平成29年度環境配慮契約法基本方針検討会(第2回) 議事録

日時

平成29年10月30日(金)14時00分~15時40分

場所

中央合同庁舎第5号館22階 環境省第一会議室

出席者

出席委員:秋鹿委員、田中委員、原委員、野城委員、山地委員、山本委員(座長)
欠席委員:赤司委員、大聖委員、藤野委員

(五十音順、敬称略)

議事録

1.開会

事務局:本日はお忙しいところ、御参集いただきまして、誠にありがとうございます。定刻になりましたので、これより平成29年度第2回環境配慮契約法基本方針検討会を開催いたします。写真撮影等は配布資料の確認までとさせていただきます。それでは早速ですが、以後の議事進行を山本座長にお願いしたいと思います。よろしくお願いいたします。

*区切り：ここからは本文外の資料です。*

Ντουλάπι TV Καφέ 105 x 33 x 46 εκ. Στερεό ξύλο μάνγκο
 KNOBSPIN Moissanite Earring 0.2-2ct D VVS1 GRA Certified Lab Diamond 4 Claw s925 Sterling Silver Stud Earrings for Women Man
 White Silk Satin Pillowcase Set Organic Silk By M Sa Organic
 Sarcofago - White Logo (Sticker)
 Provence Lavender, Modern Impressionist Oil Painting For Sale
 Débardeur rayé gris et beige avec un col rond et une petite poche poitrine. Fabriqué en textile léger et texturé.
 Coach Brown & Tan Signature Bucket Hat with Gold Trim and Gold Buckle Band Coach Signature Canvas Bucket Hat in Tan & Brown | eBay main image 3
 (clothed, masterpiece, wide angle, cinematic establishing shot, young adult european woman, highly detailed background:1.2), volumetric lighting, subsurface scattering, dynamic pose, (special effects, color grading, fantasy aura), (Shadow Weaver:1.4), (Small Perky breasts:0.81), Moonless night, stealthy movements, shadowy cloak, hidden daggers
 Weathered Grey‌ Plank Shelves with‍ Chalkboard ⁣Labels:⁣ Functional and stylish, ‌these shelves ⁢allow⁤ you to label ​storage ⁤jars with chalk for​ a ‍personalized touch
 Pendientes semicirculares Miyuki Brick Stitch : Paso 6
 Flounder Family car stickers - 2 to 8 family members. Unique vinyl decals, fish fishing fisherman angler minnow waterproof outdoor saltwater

山本座長:第1回は8月で2ヶ月経ちました。第1回にも御紹介したかもしれませんが、最近、スイスのチューリッヒ工科大学の研究者の論文を読みましたが、地球のエネルギーのインバランス、入射と放射の差のうち入射が若干増えているということで、信頼できるデータが大分出てきた模様です。そのまとめの論文では放射調整にして0.5から0.9W/m2、毎日地球の表面にどれくらい余分なエネルギーが蓄積されているかを計算すると、広島型原爆の40万発から72万発分に相当するということです。その9割は海洋に吸収されると言われますが、残りが大気及び陸地に吸収されており、大気を温める分が2014年、2015年、2016年と毎年度世界の平均気温の記録を更新して、今急激に上がっているということです。
 それから、もう一つ読んだ論文は面白くて、茅陽一先生の有名な式があるのですが、その式を使って歴史的なすう勢で計算すると、今の状況では気温の上昇を2℃以下に抑制できる確率が5%、1.5℃以下に抑制する確率はもう1%しかないという論文を読み、これは大変だと思いました。
 実は、先週10月26日、27日にGEA国際会議2017(地球環境行動会議)がありまして、総理、環境大臣、外務大臣、皇太子殿下、妃殿下がお見えになりました。グリーン契約法は議員立法で先生方に作っていただいたのですが、しかし環境省はゼロカーボンの電力を使っているわけではない。更には環境大臣もゼロカーボンの車に乗っているわけではない。今我々は相当気合を入れて、低炭素、脱炭素の方向に行かなければ、全く間に合わない状況になっているのではないかということを地球環境行動会議で申し上げたわけでございます。そういうわけでこのグリーン契約法も気合を入れ直さなければ使い物にならない。あと30年ほどで8割削減だと言われても、どうにもならないわけです。企業は、全世界で今94社が2050年までに再生可能エネルギー100%という誓約をして、日本はリコーと積水ハウスがそれに入って、そのうちイビデンもそういうコミットをするということになっている。というのは、アップルの下請けとして、アップルが100%再生可能エネルギーを達成するためには、納入されてくる部品も再生可能エネルギー100%で作らなければいけないということで、日本の企業も好むと好まざるにかかわらず、世界の大勢に従うほかない。こういう状況に今なりつつありますので、ぜひこのグリーン契約法も再度魂を入れ直して、ゼロカーボンに向けて努力しなければいけない。余計なことを申し上げましたけれども、座長として申し上げさせていただきました。
 それでは、本日の議事予定、配布資料の確認を事務局から簡潔にお願いいたします。

◇本日の議事予定

事務局:本日の会議は、16時までの2時間を予定しております。

◇配付資料の確認

事務局:次に配布資料の確認をさせていただきます。

配付資料

資料1 平成29年度環境配慮契約法基本方針検討会委員名簿

資料2 電気の供給を受ける契約に関する考え方について(電力専門委員会取りまとめ)

資料3 電気の供給を受ける契約に関する基本的事項(改定案)

資料4 電気の供給を受ける契約に関する基本的事項について(案)【環境配慮契約法基本方針解説資料】

資料5 建築物の維持管理に係る環境配慮契約について(案)

資料6 国及び独立行政法人等における環境配慮契約の締結実績及び取組状況【速報】

資料7 平成29年度環境配慮契約法基本方針等検討スケジュール(案)

 このほか、環境配慮契約法基本方針関連資料の冊子をお配りしております。基本方針関連資料の冊子には法律や基本方針、解説資料が盛り込まれておりますので適宜御参照ください。なお、基本方針関連資料は第1回検討会でも配布しておりますので、御不要の場合はお帰りの際に机上に置いてお帰り下さい。資料の不足等ございましたら、事務局までお申し付けください。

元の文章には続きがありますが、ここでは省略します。